Captioned web images
━━━━━━━━━━━━━━━━━━━━

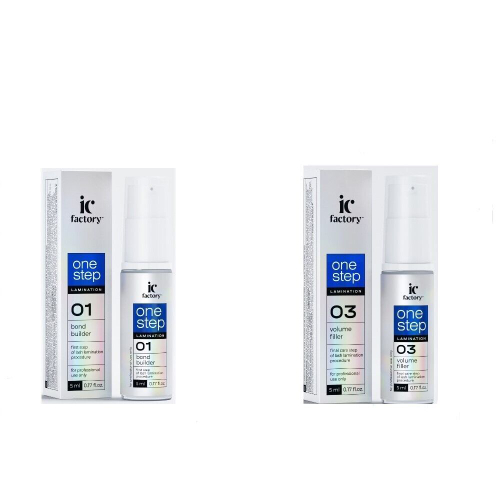 Составы для ламинирования ресниц ONE STEP IC FACTORY, 5 мл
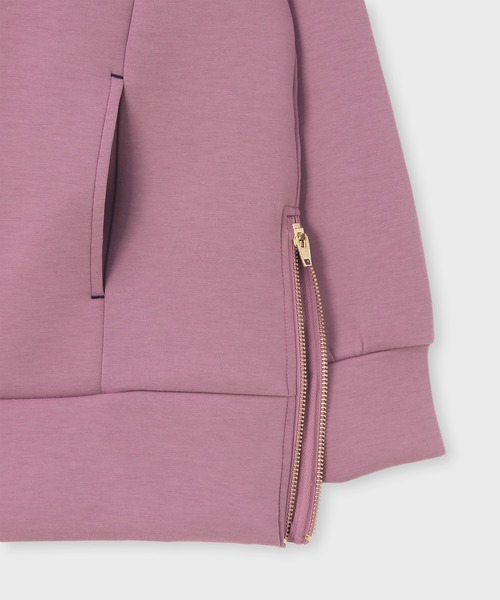 Psycho Bunny（サイコバニー）の「[WOMEN]ダブルフェイス サイドジップパーカ（パーカー・レディース・ネイビー/グレイッシュベージュ/コーラル・FREE）」の21枚目の写真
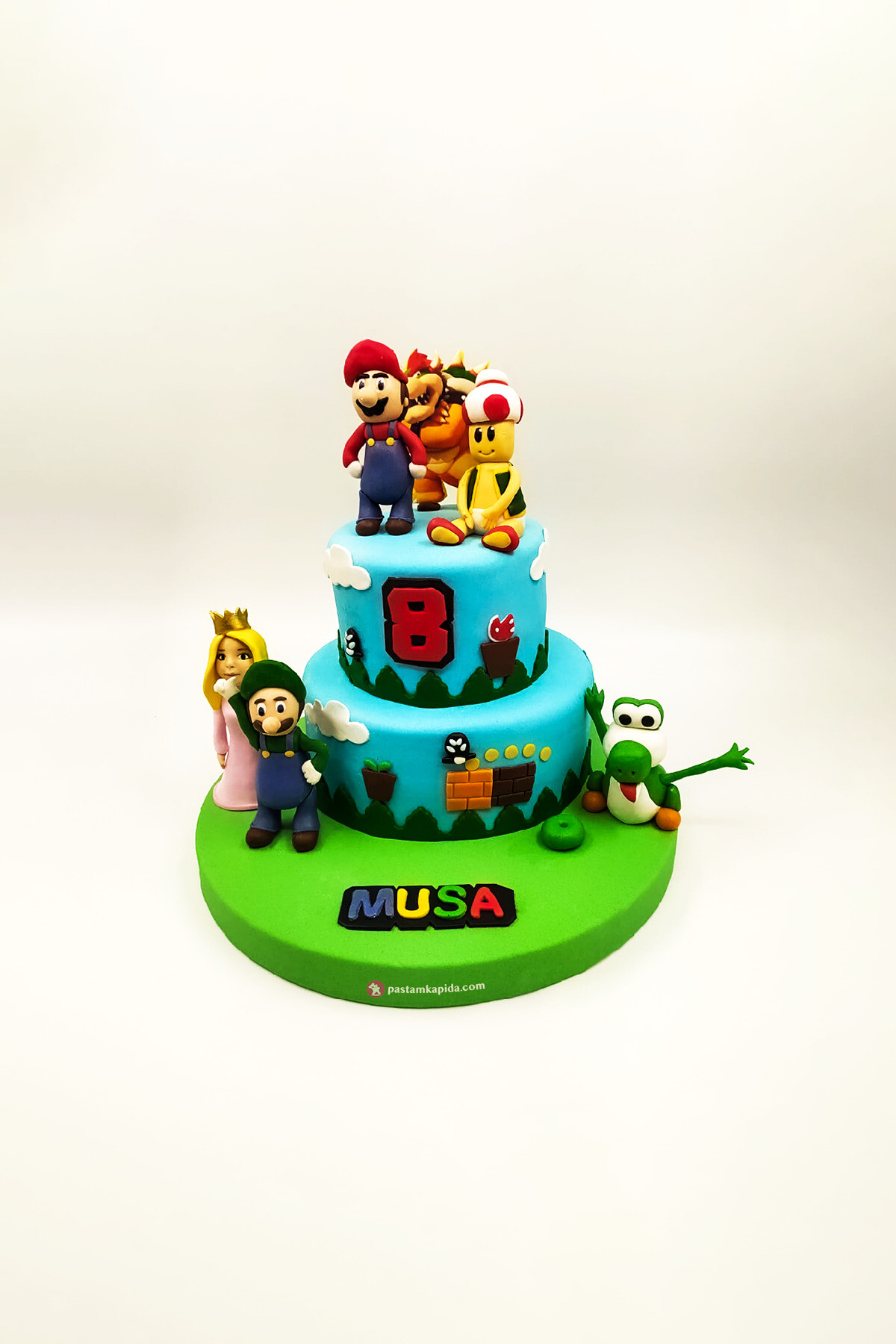 Süper Mario Temalı Pasta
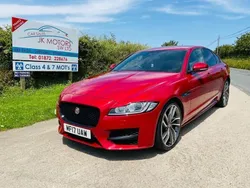 Red Used 2017 Jaguar XF R-Sport Sedan | £10,495 (Fair price)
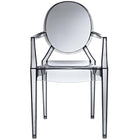 Modway Casper Dining Armchair - Smoke-Weight Capacity 331 lbs.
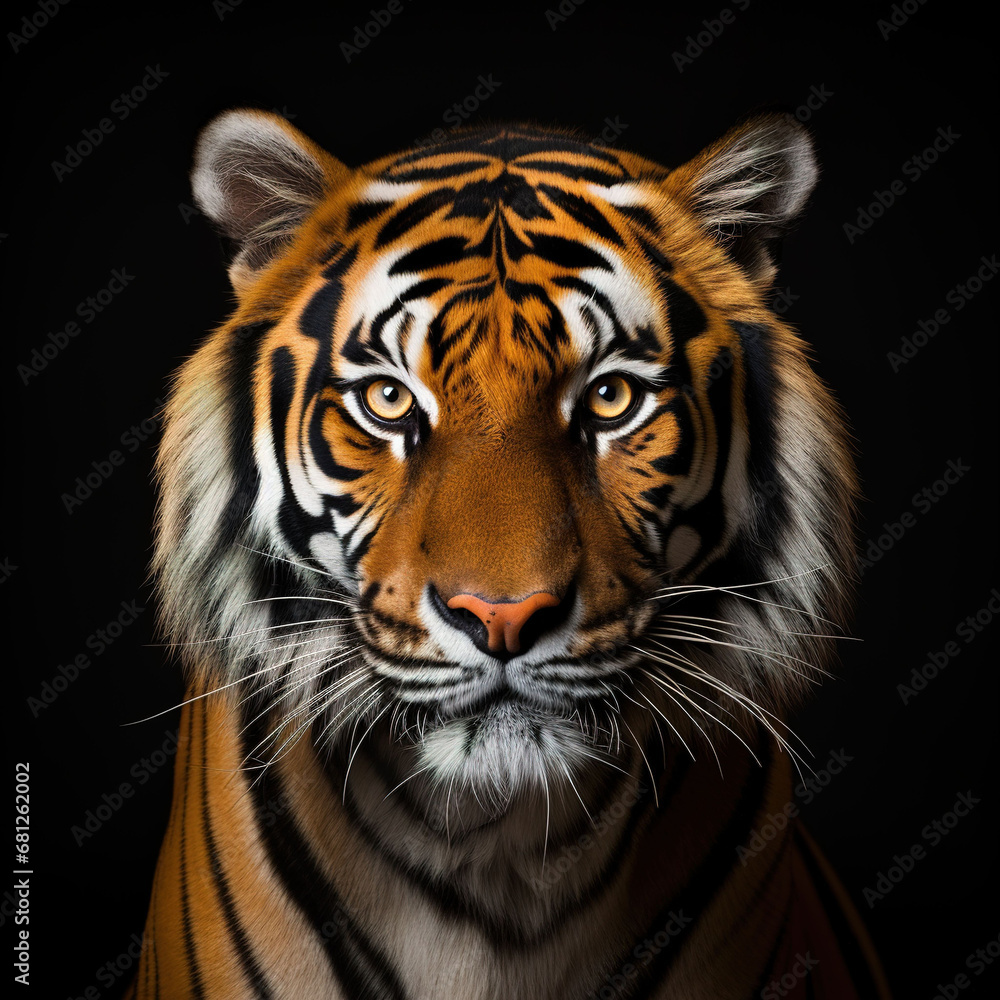 Fototapeta premium tiger animal on a white background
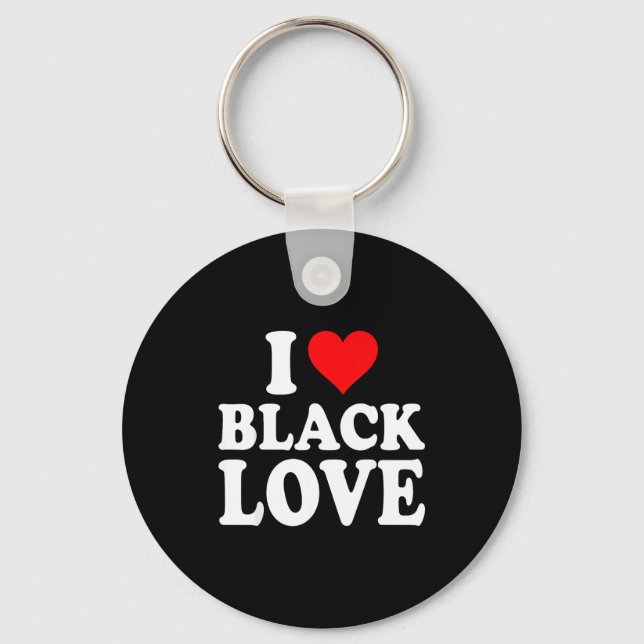 I Heart Black Love Cute Matching Couples African A Nyckelring (Framsida)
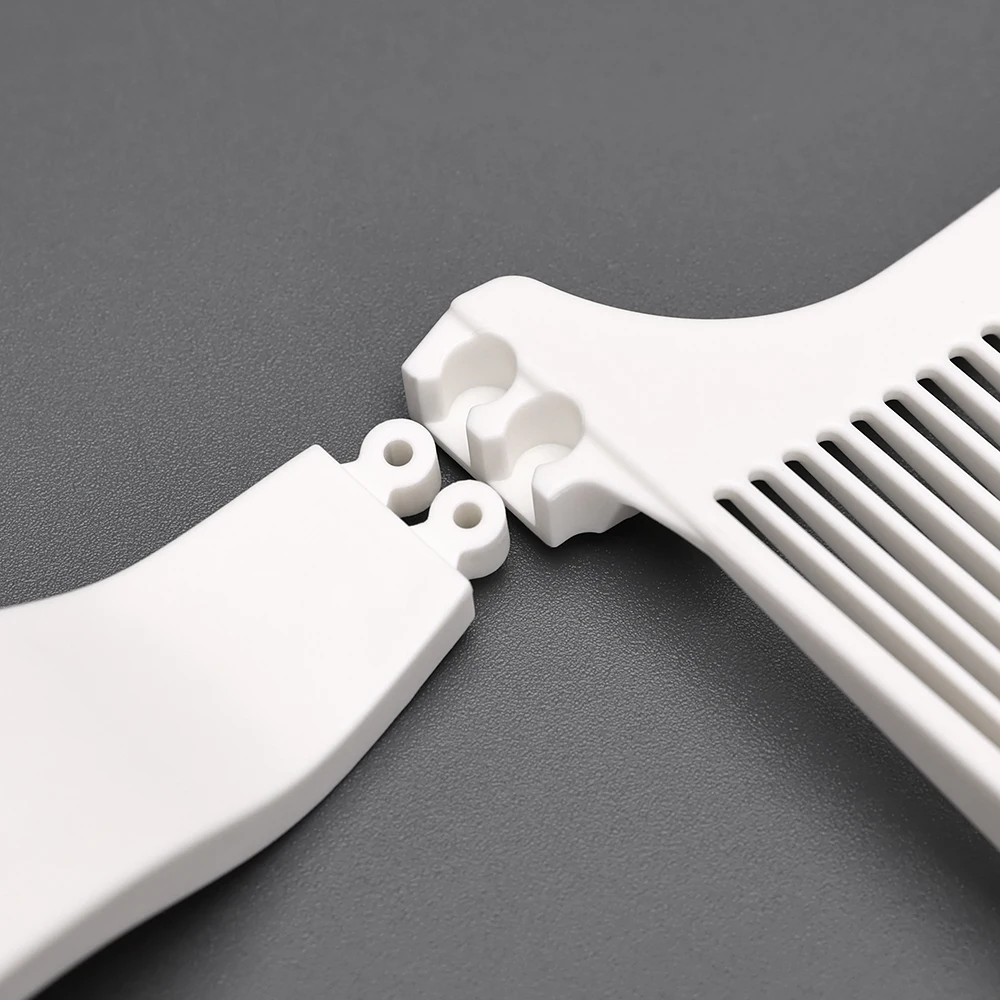 Haarschneidekamm-Set für Männer – Präzisions-Styling-Kamm und Haarschneider-Anleitung für perfekte Frisuren mit flacher Oberseite und nach hinten gekämmt – Detail 7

━━━━━━━━━━━━━━━━━━━━

EXERCISE INSTRUCTIONS:
Exactly the lines from the one containing "Fototapeta premium tiger" through the end of the data above: repeat those, both ends included, and nothing else. Skip the pictures.

RESULT OF THE EXERCISE:
 Fototapeta premium tiger animal on a white background
 I Heart Black Love Cute Matching Couples African A Nyckelring (Framsida)
 Haarschneidekamm-Set für Männer – Präzisions-Styling-Kamm und Haarschneider-Anleitung für perfekte Frisuren mit flacher Oberseite und nach hinten gekämmt – Detail 7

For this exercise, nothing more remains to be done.